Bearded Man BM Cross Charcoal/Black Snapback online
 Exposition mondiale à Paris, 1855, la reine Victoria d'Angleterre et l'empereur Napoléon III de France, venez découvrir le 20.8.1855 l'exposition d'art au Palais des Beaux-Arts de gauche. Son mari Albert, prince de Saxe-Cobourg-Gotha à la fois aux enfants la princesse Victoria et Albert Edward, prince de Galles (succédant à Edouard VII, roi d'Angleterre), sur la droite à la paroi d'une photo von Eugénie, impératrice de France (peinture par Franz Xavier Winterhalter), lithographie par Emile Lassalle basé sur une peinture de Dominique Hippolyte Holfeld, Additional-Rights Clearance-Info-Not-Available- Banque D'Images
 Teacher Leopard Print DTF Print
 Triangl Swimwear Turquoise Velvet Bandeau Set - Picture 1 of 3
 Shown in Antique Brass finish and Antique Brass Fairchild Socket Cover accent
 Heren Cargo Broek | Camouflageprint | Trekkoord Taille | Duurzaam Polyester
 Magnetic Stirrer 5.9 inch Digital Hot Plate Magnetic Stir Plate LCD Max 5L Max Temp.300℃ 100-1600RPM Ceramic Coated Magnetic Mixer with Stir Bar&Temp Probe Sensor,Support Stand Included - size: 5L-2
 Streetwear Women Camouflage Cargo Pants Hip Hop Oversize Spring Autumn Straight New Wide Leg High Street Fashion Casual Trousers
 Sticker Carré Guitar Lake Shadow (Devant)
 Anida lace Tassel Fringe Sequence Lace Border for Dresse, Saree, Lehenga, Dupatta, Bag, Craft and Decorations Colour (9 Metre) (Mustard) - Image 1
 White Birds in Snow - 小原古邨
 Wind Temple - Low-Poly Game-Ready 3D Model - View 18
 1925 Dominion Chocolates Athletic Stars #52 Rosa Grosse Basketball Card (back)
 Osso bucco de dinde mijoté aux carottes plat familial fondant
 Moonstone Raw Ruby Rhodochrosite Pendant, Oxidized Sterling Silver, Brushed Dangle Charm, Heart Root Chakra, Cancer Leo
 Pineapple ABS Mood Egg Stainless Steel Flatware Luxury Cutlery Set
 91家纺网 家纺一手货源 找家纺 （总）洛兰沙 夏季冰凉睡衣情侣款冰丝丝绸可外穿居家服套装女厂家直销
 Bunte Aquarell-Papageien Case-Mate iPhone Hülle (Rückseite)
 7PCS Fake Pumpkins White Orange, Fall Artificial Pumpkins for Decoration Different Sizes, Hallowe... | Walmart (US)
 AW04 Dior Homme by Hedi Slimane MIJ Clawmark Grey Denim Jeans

______________________________

Give all of the entries again, exactly.

Bearded Man BM Cross Charcoal/Black Snapback online
 Exposition mondiale à Paris, 1855, la reine Victoria d'Angleterre et l'empereur Napoléon III de France, venez découvrir le 20.8.1855 l'exposition d'art au Palais des Beaux-Arts de gauche. Son mari Albert, prince de Saxe-Cobourg-Gotha à la fois aux enfants la princesse Victoria et Albert Edward, prince de Galles (succédant à Edouard VII, roi d'Angleterre), sur la droite à la paroi d'une photo von Eugénie, impératrice de France (peinture par Franz Xavier Winterhalter), lithographie par Emile Lassalle basé sur une peinture de Dominique Hippolyte Holfeld, Additional-Rights Clearance-Info-Not-Available- Banque D'Images
 Teacher Leopard Print DTF Print
 Triangl Swimwear Turquoise Velvet Bandeau Set - Picture 1 of 3
 Shown in Antique Brass finish and Antique Brass Fairchild Socket Cover accent
 Heren Cargo Broek | Camouflageprint | Trekkoord Taille | Duurzaam Polyester
 Magnetic Stirrer 5.9 inch Digital Hot Plate Magnetic Stir Plate LCD Max 5L Max Temp.300℃ 100-1600RPM Ceramic Coated Magnetic Mixer with Stir Bar&Temp Probe Sensor,Support Stand Included - size: 5L-2
 Streetwear Women Camouflage Cargo Pants Hip Hop Oversize Spring Autumn Straight New Wide Leg High Street Fashion Casual Trousers
 Sticker Carré Guitar Lake Shadow (Devant)
 Anida lace Tassel Fringe Sequence Lace Border for Dresse, Saree, Lehenga, Dupatta, Bag, Craft and Decorations Colour (9 Metre) (Mustard) - Image 1
 White Birds in Snow - 小原古邨
 Wind Temple - Low-Poly Game-Ready 3D Model - View 18
 1925 Dominion Chocolates Athletic Stars #52 Rosa Grosse Basketball Card (back)
 Osso bucco de dinde mijoté aux carottes plat familial fondant
 Moonstone Raw Ruby Rhodochrosite Pendant, Oxidized Sterling Silver, Brushed Dangle Charm, Heart Root Chakra, Cancer Leo
 Pineapple ABS Mood Egg Stainless Steel Flatware Luxury Cutlery Set
 91家纺网 家纺一手货源 找家纺 （总）洛兰沙 夏季冰凉睡衣情侣款冰丝丝绸可外穿居家服套装女厂家直销
 Bunte Aquarell-Papageien Case-Mate iPhone Hülle (Rückseite)
 7PCS Fake Pumpkins White Orange, Fall Artificial Pumpkins for Decoration Different Sizes, Hallowe... | Walmart (US)
 AW04 Dior Homme by Hedi Slimane MIJ Clawmark Grey Denim Jeans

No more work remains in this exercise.